== DATASET RECORDS ==
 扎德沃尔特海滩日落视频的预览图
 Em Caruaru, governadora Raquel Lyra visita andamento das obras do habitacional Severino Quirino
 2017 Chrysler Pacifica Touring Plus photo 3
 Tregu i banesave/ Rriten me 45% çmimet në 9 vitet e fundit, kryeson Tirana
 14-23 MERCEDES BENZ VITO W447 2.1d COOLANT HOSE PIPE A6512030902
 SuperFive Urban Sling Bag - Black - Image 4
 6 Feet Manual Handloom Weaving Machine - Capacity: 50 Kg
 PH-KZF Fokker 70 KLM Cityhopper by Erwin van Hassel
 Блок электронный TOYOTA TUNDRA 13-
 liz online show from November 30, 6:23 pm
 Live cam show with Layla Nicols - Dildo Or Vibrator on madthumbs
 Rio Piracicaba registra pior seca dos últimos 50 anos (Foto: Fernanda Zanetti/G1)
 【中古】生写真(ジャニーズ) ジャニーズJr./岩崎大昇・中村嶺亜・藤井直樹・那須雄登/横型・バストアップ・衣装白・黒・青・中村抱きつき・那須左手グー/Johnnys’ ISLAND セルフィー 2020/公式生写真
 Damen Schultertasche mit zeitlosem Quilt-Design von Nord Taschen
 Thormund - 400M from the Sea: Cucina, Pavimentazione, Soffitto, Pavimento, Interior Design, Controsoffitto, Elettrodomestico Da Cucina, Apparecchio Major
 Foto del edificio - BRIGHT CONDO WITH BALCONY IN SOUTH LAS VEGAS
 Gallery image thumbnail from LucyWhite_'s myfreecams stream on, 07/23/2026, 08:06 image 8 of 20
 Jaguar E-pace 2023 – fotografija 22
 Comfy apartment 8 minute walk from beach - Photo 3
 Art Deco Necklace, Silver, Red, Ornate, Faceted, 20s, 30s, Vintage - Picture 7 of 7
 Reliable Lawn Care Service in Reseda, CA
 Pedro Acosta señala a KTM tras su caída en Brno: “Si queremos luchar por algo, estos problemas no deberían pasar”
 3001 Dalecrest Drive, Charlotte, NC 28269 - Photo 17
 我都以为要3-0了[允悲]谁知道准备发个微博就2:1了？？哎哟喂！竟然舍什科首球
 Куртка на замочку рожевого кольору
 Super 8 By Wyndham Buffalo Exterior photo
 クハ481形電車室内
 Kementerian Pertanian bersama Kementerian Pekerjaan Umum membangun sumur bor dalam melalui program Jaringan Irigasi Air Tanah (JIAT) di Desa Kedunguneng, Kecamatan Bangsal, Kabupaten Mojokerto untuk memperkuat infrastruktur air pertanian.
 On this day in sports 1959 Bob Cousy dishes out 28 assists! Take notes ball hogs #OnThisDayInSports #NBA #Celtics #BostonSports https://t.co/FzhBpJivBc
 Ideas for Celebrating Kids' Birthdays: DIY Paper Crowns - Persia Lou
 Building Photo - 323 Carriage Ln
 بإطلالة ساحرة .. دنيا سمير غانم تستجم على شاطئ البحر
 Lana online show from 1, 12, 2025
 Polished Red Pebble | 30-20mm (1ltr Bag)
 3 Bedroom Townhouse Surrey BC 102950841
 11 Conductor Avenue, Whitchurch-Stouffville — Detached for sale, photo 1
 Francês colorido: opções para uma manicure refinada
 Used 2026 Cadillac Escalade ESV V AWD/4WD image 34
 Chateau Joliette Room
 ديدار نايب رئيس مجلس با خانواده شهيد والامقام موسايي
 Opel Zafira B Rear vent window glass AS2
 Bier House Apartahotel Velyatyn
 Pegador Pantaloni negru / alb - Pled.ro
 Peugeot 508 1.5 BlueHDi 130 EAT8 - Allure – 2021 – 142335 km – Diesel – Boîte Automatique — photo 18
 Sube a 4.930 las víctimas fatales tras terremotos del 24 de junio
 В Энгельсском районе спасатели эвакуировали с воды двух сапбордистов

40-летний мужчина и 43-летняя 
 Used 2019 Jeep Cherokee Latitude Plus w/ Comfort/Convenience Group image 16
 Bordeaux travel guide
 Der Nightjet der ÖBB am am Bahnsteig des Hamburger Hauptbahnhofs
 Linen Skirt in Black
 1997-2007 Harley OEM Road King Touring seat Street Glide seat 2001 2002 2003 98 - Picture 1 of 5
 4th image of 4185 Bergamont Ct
===
EXERCISE GOAL - All entries must be printed exactly, with nothing omitted.

SOLUTION TO THE EXERCISE -
 扎德沃尔特海滩日落视频的预览图
 Em Caruaru, governadora Raquel Lyra visita andamento das obras do habitacional Severino Quirino
 2017 Chrysler Pacifica Touring Plus photo 3
 Tregu i banesave/ Rriten me 45% çmimet në 9 vitet e fundit, kryeson Tirana
 14-23 MERCEDES BENZ VITO W447 2.1d COOLANT HOSE PIPE A6512030902
 SuperFive Urban Sling Bag - Black - Image 4
 6 Feet Manual Handloom Weaving Machine - Capacity: 50 Kg
 PH-KZF Fokker 70 KLM Cityhopper by Erwin van Hassel
 Блок электронный TOYOTA TUNDRA 13-
 liz online show from November 30, 6:23 pm
 Live cam show with Layla Nicols - Dildo Or Vibrator on madthumbs
 Rio Piracicaba registra pior seca dos últimos 50 anos (Foto: Fernanda Zanetti/G1)
 【中古】生写真(ジャニーズ) ジャニーズJr./岩崎大昇・中村嶺亜・藤井直樹・那須雄登/横型・バストアップ・衣装白・黒・青・中村抱きつき・那須左手グー/Johnnys’ ISLAND セルフィー 2020/公式生写真
 Damen Schultertasche mit zeitlosem Quilt-Design von Nord Taschen
 Thormund - 400M from the Sea: Cucina, Pavimentazione, Soffitto, Pavimento, Interior Design, Controsoffitto, Elettrodomestico Da Cucina, Apparecchio Major
 Foto del edificio - BRIGHT CONDO WITH BALCONY IN SOUTH LAS VEGAS
 Gallery image thumbnail from LucyWhite_'s myfreecams stream on, 07/23/2026, 08:06 image 8 of 20
 Jaguar E-pace 2023 – fotografija 22
 Comfy apartment 8 minute walk from beach - Photo 3
 Art Deco Necklace, Silver, Red, Ornate, Faceted, 20s, 30s, Vintage - Picture 7 of 7
 Reliable Lawn Care Service in Reseda, CA
 Pedro Acosta señala a KTM tras su caída en Brno: “Si queremos luchar por algo, estos problemas no deberían pasar”
 3001 Dalecrest Drive, Charlotte, NC 28269 - Photo 17
 我都以为要3-0了[允悲]谁知道准备发个微博就2:1了？？哎哟喂！竟然舍什科首球
 Куртка на замочку рожевого кольору
 Super 8 By Wyndham Buffalo Exterior photo
 クハ481形電車室内
 Kementerian Pertanian bersama Kementerian Pekerjaan Umum membangun sumur bor dalam melalui program Jaringan Irigasi Air Tanah (JIAT) di Desa Kedunguneng, Kecamatan Bangsal, Kabupaten Mojokerto untuk memperkuat infrastruktur air pertanian.
 On this day in sports 1959 Bob Cousy dishes out 28 assists! Take notes ball hogs #OnThisDayInSports #NBA #Celtics #BostonSports https://t.co/FzhBpJivBc
 Ideas for Celebrating Kids' Birthdays: DIY Paper Crowns - Persia Lou
 Building Photo - 323 Carriage Ln
 بإطلالة ساحرة .. دنيا سمير غانم تستجم على شاطئ البحر
 Lana online show from 1, 12, 2025
 Polished Red Pebble | 30-20mm (1ltr Bag)
 3 Bedroom Townhouse Surrey BC 102950841
 11 Conductor Avenue, Whitchurch-Stouffville — Detached for sale, photo 1
 Francês colorido: opções para uma manicure refinada
 Used 2026 Cadillac Escalade ESV V AWD/4WD image 34
 Chateau Joliette Room
 ديدار نايب رئيس مجلس با خانواده شهيد والامقام موسايي
 Opel Zafira B Rear vent window glass AS2
 Bier House Apartahotel Velyatyn
 Pegador Pantaloni negru / alb - Pled.ro
 Peugeot 508 1.5 BlueHDi 130 EAT8 - Allure – 2021 – 142335 km – Diesel – Boîte Automatique — photo 18
 Sube a 4.930 las víctimas fatales tras terremotos del 24 de junio
 В Энгельсском районе спасатели эвакуировали с воды двух сапбордистов

40-летний мужчина и 43-летняя 
 Used 2019 Jeep Cherokee Latitude Plus w/ Comfort/Convenience Group image 16
 Bordeaux travel guide
 Der Nightjet der ÖBB am am Bahnsteig des Hamburger Hauptbahnhofs
 Linen Skirt in Black
 1997-2007 Harley OEM Road King Touring seat Street Glide seat 2001 2002 2003 98 - Picture 1 of 5
 4th image of 4185 Bergamont Ct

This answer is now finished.